[BUG] PPL cannot properly handle fields with mixed keyword and text data types across multiple indices
What is the bug? PPL cannot properly handle fields with mixed keyword and text data types across multiple indices. Currently, when PPL merges field types, it randomly selects one. For example, if the msg field is mapped as both text and keyword across indices, PPL may select keyword. As a result, when PPL attempts to fetch the msg value from doc_values on each shard, it will return null for documents where msg is defined as a text field, since text fields do not have doc_values.

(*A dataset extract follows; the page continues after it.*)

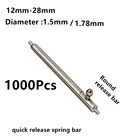 Пружинный стержень 1000, 1,5 шт., 1,8 мм, диаметр 1214151617181920212223242628 мм, быстросъемный, 304 булавка для часов из нержавеющей стали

How can one reproduce the bug?
- Prepare dataset, create 2 indices, msg field type is Text in index1, and keyword in index2.
###
PUT {{baseUrl}}/log00001
Content-Type: application/x-ndjson
{
"mappings": {
"properties": {
"msg": {"type": "text"}
}
}
}
###
PUT {{baseUrl}}/log00002
Content-Type: application/x-ndjson
{
"mappings": {
"properties": {
"msg": {"type": "keyword"}
}
}
}
###
POST {{baseUrl}}/log00001/_bulk
Content-Type: application/x-ndjson
{"index": { "_id": 1 }}
{"msg": "status=200", "index": 1}
###
POST {{baseUrl}}/log00002/_bulk
Content-Type: application/x-ndjson
{"index": { "_id": 1 }}
{"msg": "status=200", "index": 2}
- Run query, we expected get 2 results. but only get 1 results back
### Expected
POST {{baseUrl}}/_plugins/_ppl/
Content-Type: application/x-ndjson
{
"query": "source=log*"
}
"datarows": [
[
"status=200",
1
],
[
"status=200",
2
]
]
### Unexpected
POST {{baseUrl}}/_plugins/_ppl/
Content-Type: application/x-ndjson
{
"query": "source=log* | rex field=msg 'status=(?<statusCode>\\d+)' | where statusCode=200"
}
"datarows": [
[
"status=200",
2,
"200"
]
]
What is the expected behavior? Return 2 results
What is your host/environment?
- OS: [e.g. iOS]
- Version [e.g. 22]: Main
- Plugins
Additional Analysis and Information
The issue arises when executing PPL queries against wildcard indices with conflicting field mappings:
POST {{baseUrl}}/_plugins/_ppl/
Content-Type: application/x-ndjson
{
"query": "source=log* | rex field=msg 'status=(?<statusCode>\\d+)' | where statusCode=200"
}
Expected Result: Multiple matching documents across indicesActual Result: Limited results due to silenced shard failures:
{
"datarows": [
[
"status=200",
2,
"200"
]
]
}
By default, OpenSearch silences partial shard failures and returns available results. To expose the underlying errors, disable partial results:
PUT {{baseUrl}}/_cluster/settings
Content-Type: application/x-ndjson
{
"transient": {
"search.default_allow_partial_results": "false"
}
}
Root Cause Analysis
- Non-Deterministic Mapping Merge
When querying wildcard indices, OpenSearch merges field mappings from all matching indices. The critical issue: when field types conflict, the selection is non-deterministic due to random ordering of the index mapping list. Code Link
- Impact: A field may be treated as int or keyword randomly, depending on which index mapping is processed last
- Calcite Script Engine Optimization Conflict
The Calcite script engine optimizes text field performance by treating them as keywords when multifields are present, accessing doc_values for better performance. Code Link
-
Problem: When the merged mapping indicates keyword type but an index actually has text-only fields, doc_values access fails.
Concrete Example
Index: logs-1
"body": {
"type": "text",
"fields": {
"keyword": {
"type": "keyword",
"ignore_above": 256
}
}
}
Index: logs-2
"body": {
"type": "text",
"norms": false
}
The Problem: Even though both indices define body as text, the presence of multifields in logs-1 causes intermittent failures. During mapping merge:
- If logs-1 mapping is selected → Script engine assumes keyword type available
- Script engine attempts doc_values access for performance
- When processing logs-2 documents → Failure occurs (no keyword field/doc_values)
Action Items apart from bug fix
- Run Integration Tests (ITS) with search.default_allow_partial_results=false to uncover any existing partial shard failure scenarios across the codebase
I will look into it.
@penghuo have any conclusion on this? do we need more discussions?
- Short-term solution: Implement a fast-fail mechanism when incompatible field index types are detected (e.g., keyword vs. text).
- Long-term solution:
- Option 1: Enable PPL to execute the query plan on each shard independently. This allows PPL to tolerate incompatible field index types across indices. For example, in an expression like REX(field=msg, 'status=(?<statusCode>\d+)'), PPL can generate a docValues fetch operation on shards where the field type is keyword, and a _source fetch operation on shards where the field type is text.